Germany has a road network spanning 13,000 kilometers (8,078 miles) of autobahn highways and 40,000 kilometers of main roads. The federal government plans to invest around 7 billion euros ($9.5 billion) by 2017 in building new and maintaining existing roads.
Many of them are in poor shape, according to Alexander Eisenkopf, an expert on mobility management at Zeppelin University in Friedrichshafen. "The bridges pose significant problems," he said. "Many of them have had to be partially or fully closed, and major repair work on the others while still in operation is highly difficult. The municipalities also have enormous investment problems."
So who should pay to use the roads? That's a question many politicians are asking. Currently, only domestic and international truckers pay a road toll in Germany. It's calculated according to the distance traveled on the autobahn and major roads and applies to vehicles 12 tons and heavier.
The Christian Social Union (CSU), the Bavarian sister party to Chancellor Angela Merkel's Christian Democratic Union, has made a car roll a condition for it to join a new coalition government, which is currently being negotiated. CSU party chief Horst Seehofer, however, insists on excluding German motorists from such a toll.
"That's pure political propaganda," said Eisenkopf. "Your have to wonder what such a toll would generate if collected solely from foreigners."
But a road toll, others have said, will be a hard sell to German motorists, who already pay relatively high fuel and automobile taxes.
Even though German parliamentarians have yet to put their final stamp of approval on a car toll, experts have said a fee of some form is inevitable.
Keeping operating costs low
The CSU favors a vignette model as practiced in Austria and Switzerland: There, motorists pay a set fee to use certain roads or roads for a certain period of time. Austria, for example, offers annual, bi-monthly and 10-day vignettes.

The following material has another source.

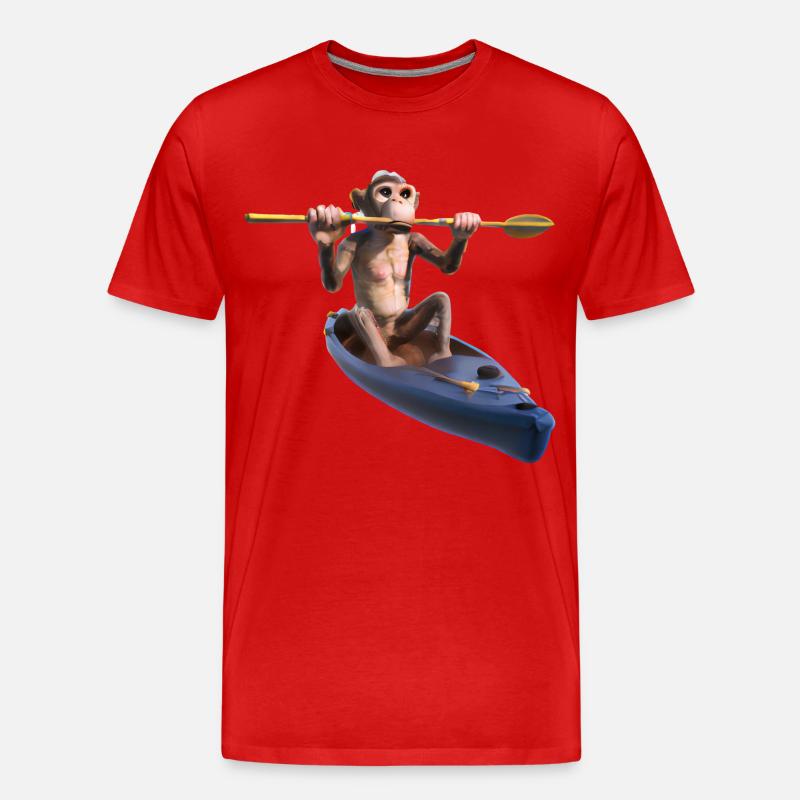 Affe im Kajak - Männer Premium Bio T-Shirt - Rot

The costs to operate these systems are relatively low, according to Eberhard Rotter, transport policy spokesman of the CSU parliamentary group in Bavarian state government. "It makes no sense if we take in a billion euros from a vignette but have system costs of 800 million euros," he told DW. "The goal must be to generate more revenue to expand roads."

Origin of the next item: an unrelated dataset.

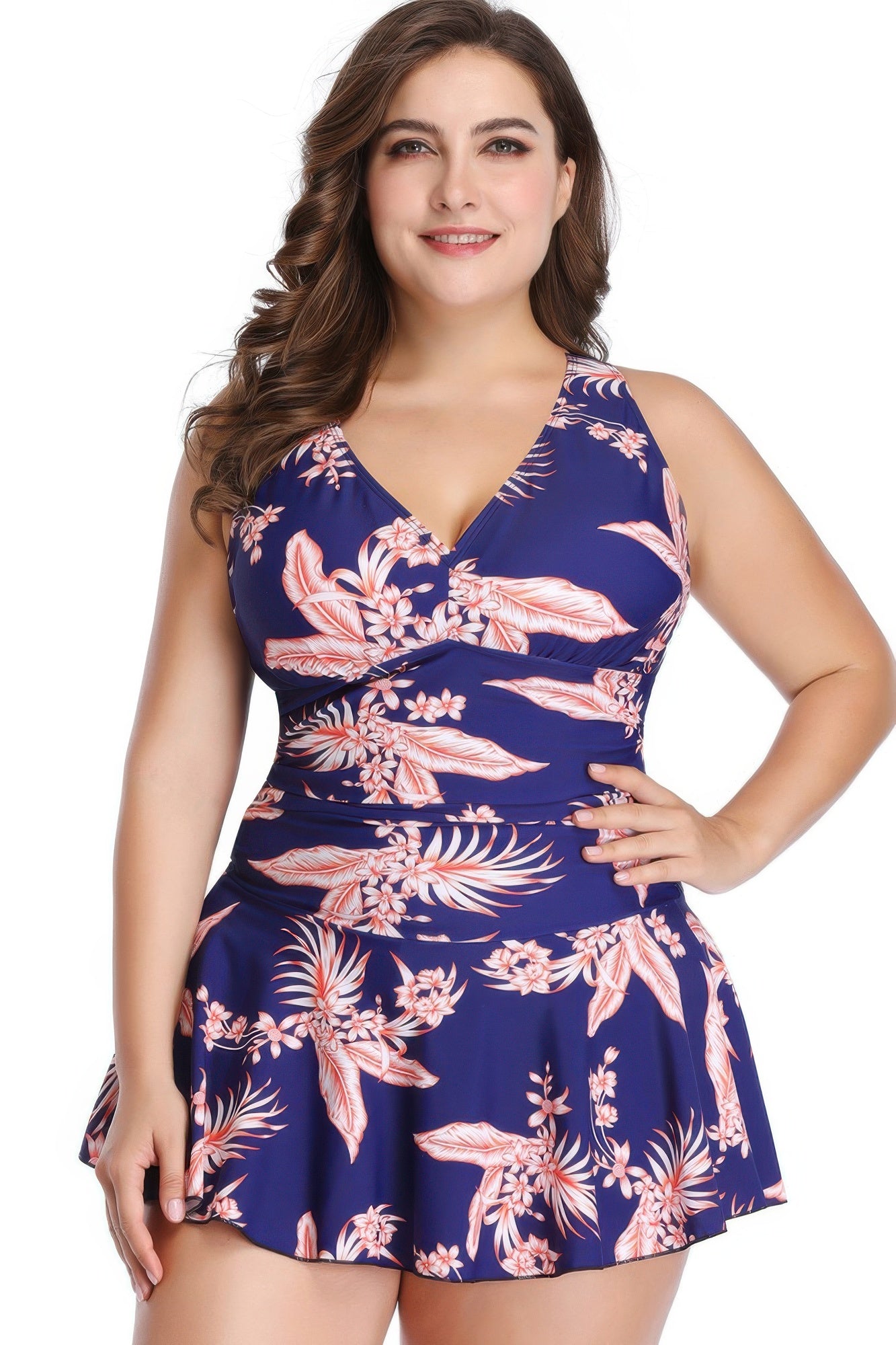 Plus Size Solid Ruffle V Neck Fit Swimsuits product image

A distance-based toll, such as those used in France and Italy, is more costly to operate, according to Rotter. This model is technically more complex, he said, and is also more expensive for motorists to use - about 5 euros per 100 kilometers. Rotter said a one-year vignette in Germany could cost around 100 euros.
"It's clear that we can't offer a vignette to foreigners only," Rotter said. "Germans and other people living in the country would have to have a vignette, too."

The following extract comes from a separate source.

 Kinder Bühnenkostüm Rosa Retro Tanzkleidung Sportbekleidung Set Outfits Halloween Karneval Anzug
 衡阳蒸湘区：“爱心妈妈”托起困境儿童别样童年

This group, however, could be compensated through a lower vehicle tax, he added.
Need for German-driver revenue
It doesn't appear if the European Union intends to stand in the way of German road toll. EU Transport Commissioner Siim Kallas has said that a move like that could offer acceptable financial relief for German motorists.
Some experts, like Ralf Resch from the German automobile club ADAC, have said building and maintaining German roads requires the financial support of everyone who uses them. Foreign cars, which account for around 5 percent of traffic on German roads "would generate a maximum 262 million euros in road toll revenues," Resch told DW.
That, he added, would be just a drop in the bucket, given the more than 7 billion euros required for the upkeeps of the road network. But if the 40 million registered cars in Germany had to pay a toll without any tax relief, the two groups together could contribute 4 billion euros a year to expand and maintain the German road network.
It's crucial, however, that the additional revenue actually fund roads, experts said, given that German motorists already contribute 53 billion euros annually to state coffers through automobile, petroleum and value-added taxes. Less than one third of that revenue is spent on transportation infrastructure. The lion's share goes to social programs, such as social security payments.